21 dezembro 2006

Mudar de gênero

Projeto de lei nova-iorquino reconheceria a todo cidadão o direito de mudar de gênero

ATÉ ESTE começo de dezembro, tudo indicava que o conselho de saúde pública (Board of Health) da cidade de Nova York aprovaria uma lei autorizando qualquer cidadão a mudar de gênero em sua certidão de nascimento e, conseqüentemente, em todos os seus documentos.
Bastaria pedir: não seria necessário comprovar que o sujeito tivesse mudado seu sexo anatômico por uma cirurgia ou alterado seu corpo pelo uso de hormônios. Não seria sequer exigido que ele se vestisse e vivesse habitualmente como uma pessoa do sexo oposto ao seu.

João, de terno e bigode, poderia se apresentar no escritório previsto e pedir para se tornar oficialmente mulher. Inversamente, Maria, de saia e cabeleira, poderia pedir para tornar-se oficialmente homem.

O projeto de lei parece extremo e, de fato, foi objeto de gozações ("Se eu não gostar, posso mudar de novo? Quantas vezes no ano?"). Mas, a bem da verdade, ele era adequado, por duas razões.

A primeira é que nenhum sujeito pediria a mudança administrativa de seu sexo se a questão não fosse, para ele, mais que séria: vital. A segunda é que, hoje, o estado de nossa ciência, biológica e psicológica, não permite mesmo que um conselho de especialistas (por mais bem escolhido que seja) assuma a responsabilidade de autorizar ou proibir uma mudança administrativa de sexo.

Nessas condições, respeitar a palavra do sujeito interessado é, muito provavelmente, o caminho em que menos se erra. Mas, antes de mais nada, algumas explicações. Há sujeitos ("transgêneros") que sofrem porque seu sentimento profundo de pertencer ao sexo masculino ou feminino não corresponde à sua anatomia. Em número mais ou menos igual para cada sexo, há mulheres que se sentem homens e se vivenciam como homens, e há homens que se sentem mulheres e se vivenciam como mulheres. Ambos são cativos de corpos que lhes parecem estrangeiros.
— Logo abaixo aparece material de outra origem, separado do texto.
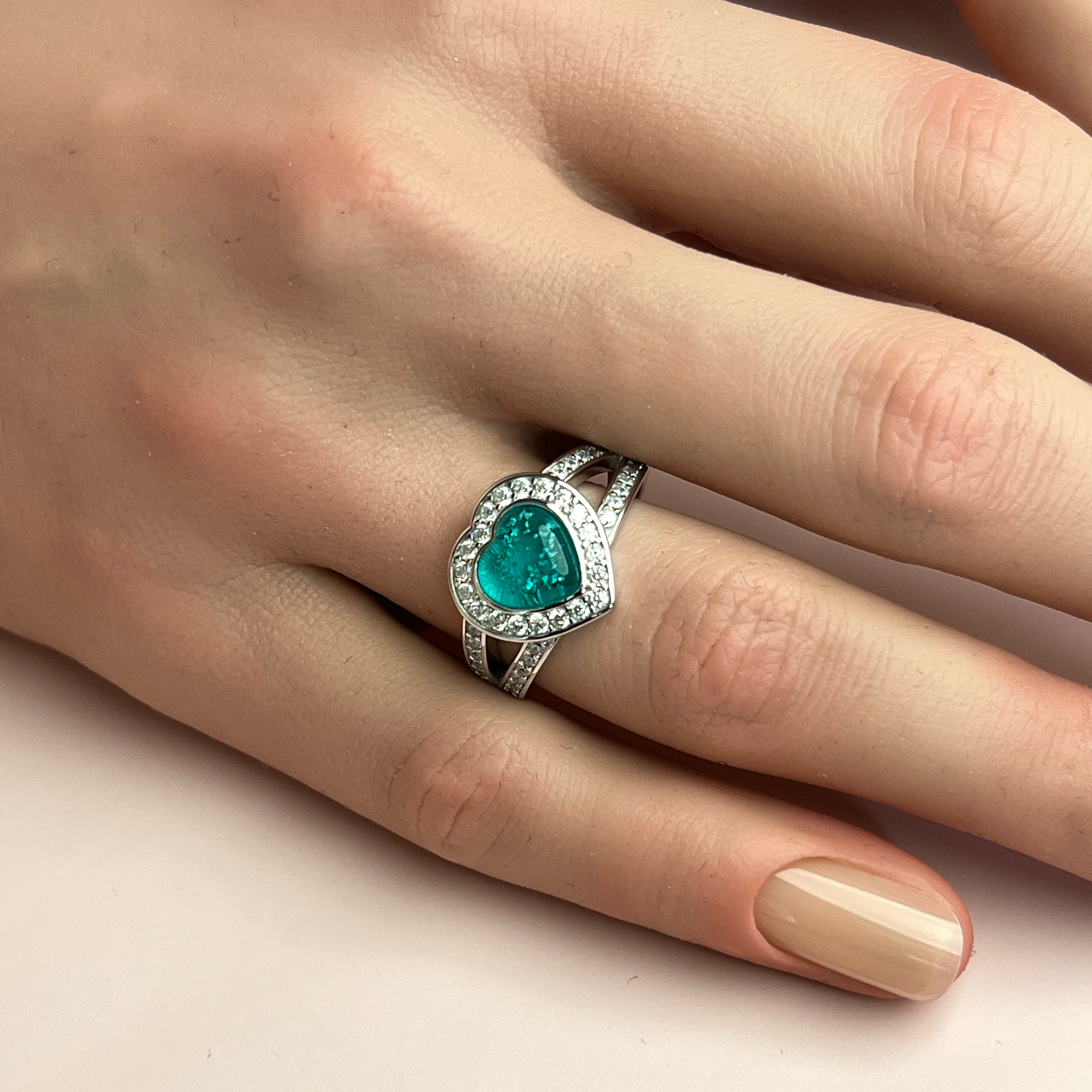 Affinity Ashes Ring - Side View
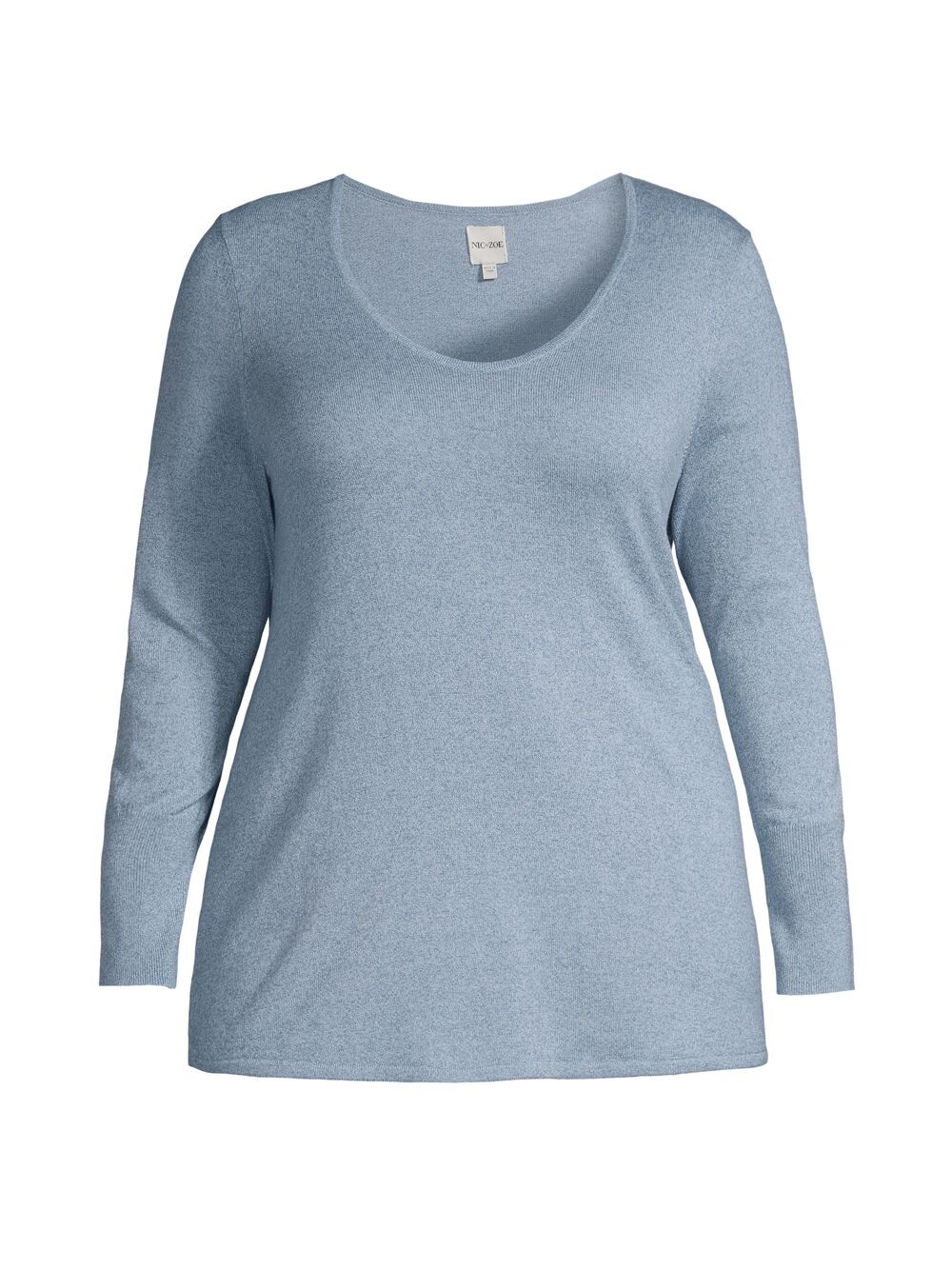 

Свитер Vital с v-образным вырезом NIC+ZOE, Plus Size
Quantos são? As estatísticas oscilam absurdamente: entre um sujeito em cada mil e um sujeito em cada 100 mil. Por que existe tamanha variação? A categoria dos transgêneros pode ser delimitada de maneiras muito diferentes: ela pode incluir desde sujeitos (raríssimos) que nascem com os atributos sexuais de ambos os sexos até sujeitos (muito numerosos) que, esporadicamente, sentem a necessidade de vestir a roupa do sexo oposto - passando pelos sujeitos que modificam (mais ou menos radicalmente) seu corpo para que corresponda a seu sentimento de identidade.

Para complicar a tarefa dos pesquisadores, existem transgêneros "primários", em quem a discordância entre sexo anatômico e sentimento de identidade se manifesta desde a infância, e transgêneros "secundários", em quem a discordância se manifesta ou se agudiza na idade adulta (às vezes avançada).

Seja qual for o número de transgêneros no mundo, em sua grande maioria (90%, as estatísticas concordam) eles residem nas grandes cidades, onde o anonimato permite mais facilmente viver num gênero diferente do que figura nos documentos e é mais fácil encontrar possibilidades de inserção social (sempre tristemente escassas).

Fato de difícil compreensão para os "normais": os problemas de identidade de gênero não correspondem a uma orientação sexual específica.

Um grande número de transgêneros (a metade deles, segundo algumas estatísticas) eram e continuam sendo heterossexuais, ou seja, eram homens que desejavam parceiras mulheres ou mulheres que desejavam parceiros homens: ao mudarem de gênero, eles não alteram seu desejo e se tornam, de uma certa maneira, homossexuais.

Pois bem, a lei proposta pelo conselho nova-iorquino foi retirada. A proposta suscitou, obviamente, protestos "morais", fruto da ignorância de quem confunde um drama do sentimento de identidade com alguma forma de libertinagem. Mas, sobretudo, apresentaram-se problemas práticos ("New York Times" de 6/12): por exemplo, o que aconteceria com transgêneros que tivessem mudado de sexo administrativamente e que, por alguma razão, fossem presos? Iriam para uma penitenciária masculina ou feminina? E nos hospitais, como seria?

Essas objeções fazem sentido, mas revelam quanto nosso mundo é segregado pela diferença sexual. Homens à esquerda, mulheres à direita. Quem não se enquadra, que se vire.
O Natal é sempre um bom momento para pensar em quem tem uma vida especialmente difícil. Boas festas a todos.